## EXTRACTED INFORMATION
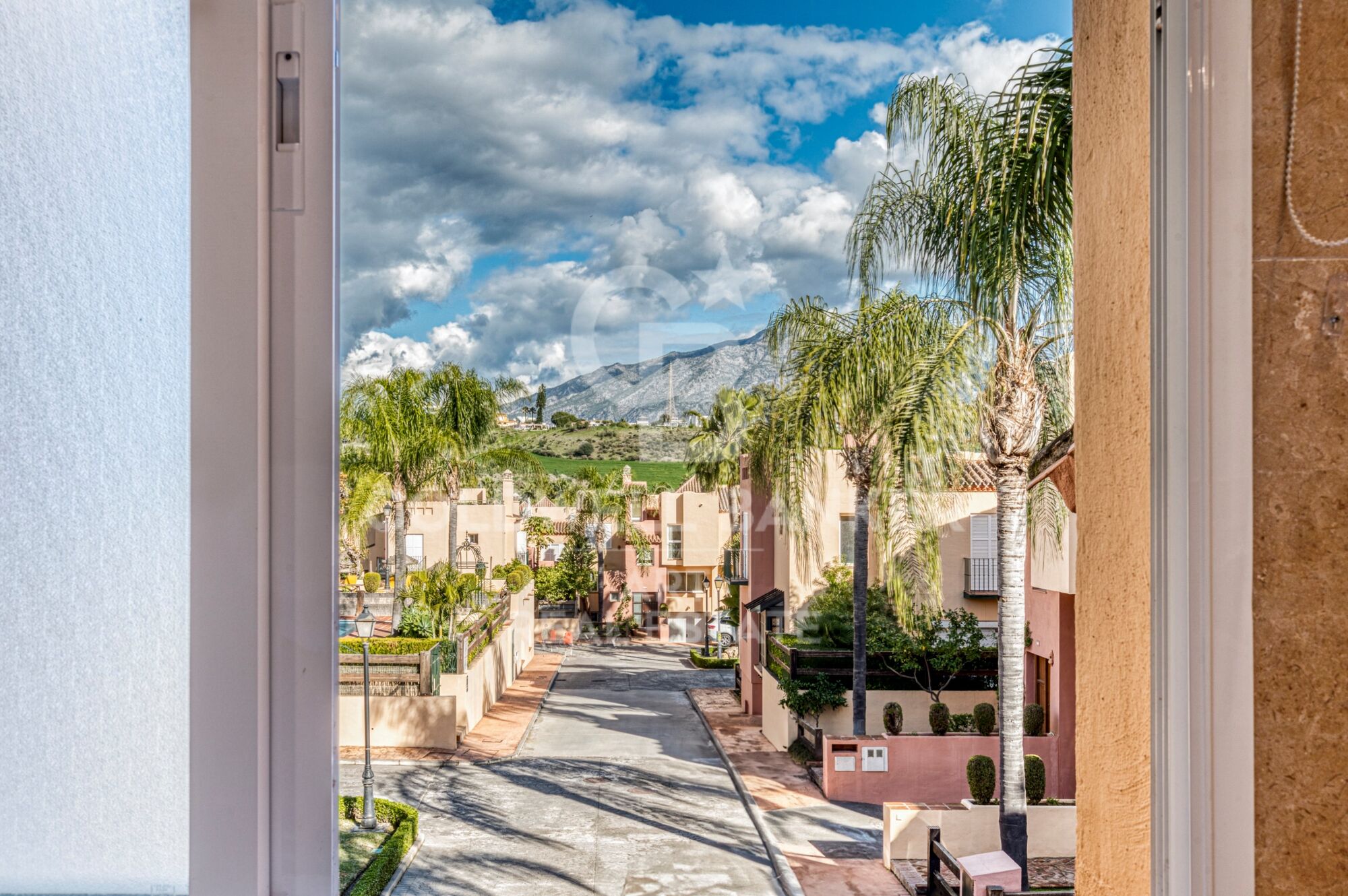 Maison de ville exclusive avec vue sur la mer et la montagne à Marbella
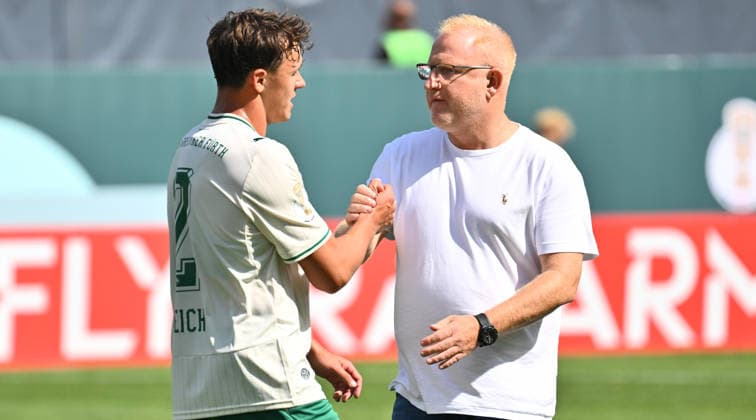 23.08.2026 - Fussball - Saison 2026 2027 - DFB Pokal Vereinspokal - 01. Runde: SpVgg Greuther Fürth ( Kleeblatt ) - VfL Bochum - Sportfoto Zink - xwoxzix - regulations prohibit any use of photographs as image sequences and or quasi-video - Lukas Reich (2, SpVgg Greuther Fürth ) Heiko Vogel ( Trainer SpVgg Greuther Fürth ) enttäuscht Enttäuschung nach Spielende *** August 23, 2026 Soccer Season 2026–2027 DFB Cup Club Cup Round 1 SpVgg Greuther Fürth (Kleeblatt) vs. VfL Bochum Sports photo by Zink xwoxzix; regulations prohibit any use of photographs as image sequences and or quasi-video. Lukas Reich 2, SpVgg Greuther Fürth: Heiko Vogel, coach of SpVgg Greuther Fürth, is disappointed. Disappointment after the final whistle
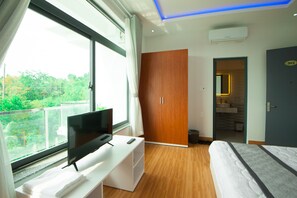 Triple Room, Balcony | Minibar, in-room safe, blackout drapes, free WiFi - Panorama Hotel & Coffee (Hue)
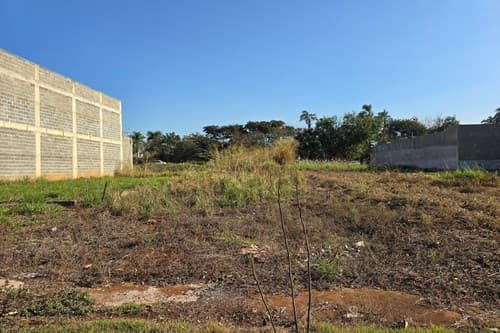 Área à venda no bairro Jardim Cristo Redentor em Ribeirão Preto/SP
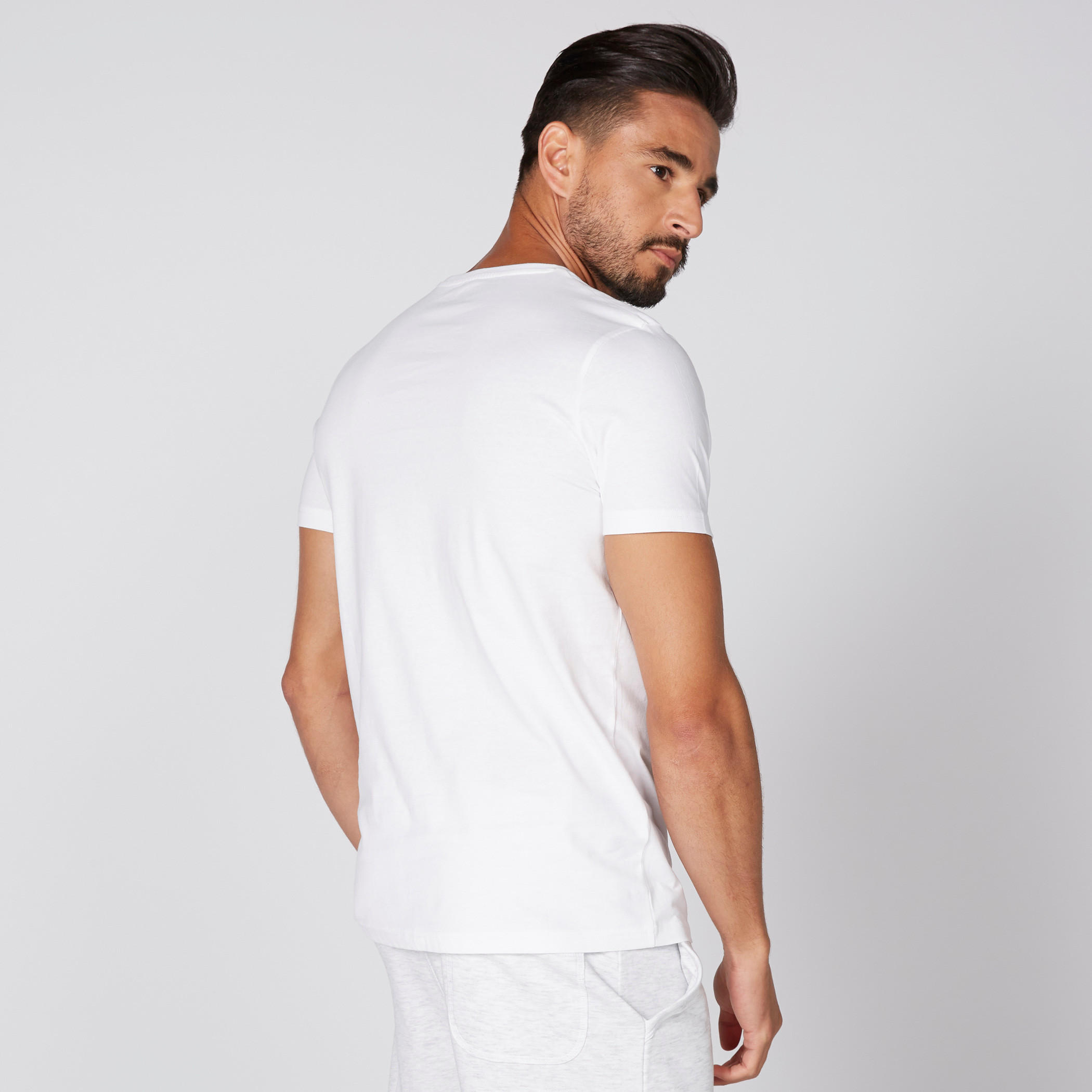 تيشيرت بياقة مستديرة وأكمام قصيرة مع طبعات-men-clothing-tshirtsandpolos-tshirts-image-4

## EXERCISE OBJECTIVE
Print the listing exactly. No pictures belong in the copy.

## OUTPUT
 Maison de ville exclusive avec vue sur la mer et la montagne à Marbella
 23.08.2026 - Fussball - Saison 2026 2027 - DFB Pokal Vereinspokal - 01. Runde: SpVgg Greuther Fürth ( Kleeblatt ) - VfL Bochum - Sportfoto Zink - xwoxzix - regulations prohibit any use of photographs as image sequences and or quasi-video - Lukas Reich (2, SpVgg Greuther Fürth ) Heiko Vogel ( Trainer SpVgg Greuther Fürth ) enttäuscht Enttäuschung nach Spielende *** August 23, 2026 Soccer Season 2026–2027 DFB Cup Club Cup Round 1 SpVgg Greuther Fürth (Kleeblatt) vs. VfL Bochum Sports photo by Zink xwoxzix; regulations prohibit any use of photographs as image sequences and or quasi-video. Lukas Reich 2, SpVgg Greuther Fürth: Heiko Vogel, coach of SpVgg Greuther Fürth, is disappointed. Disappointment after the final whistle
 Triple Room, Balcony | Minibar, in-room safe, blackout drapes, free WiFi - Panorama Hotel & Coffee (Hue)
 Área à venda no bairro Jardim Cristo Redentor em Ribeirão Preto/SP
 تيشيرت بياقة مستديرة وأكمام قصيرة مع طبعات-men-clothing-tshirtsandpolos-tshirts-image-4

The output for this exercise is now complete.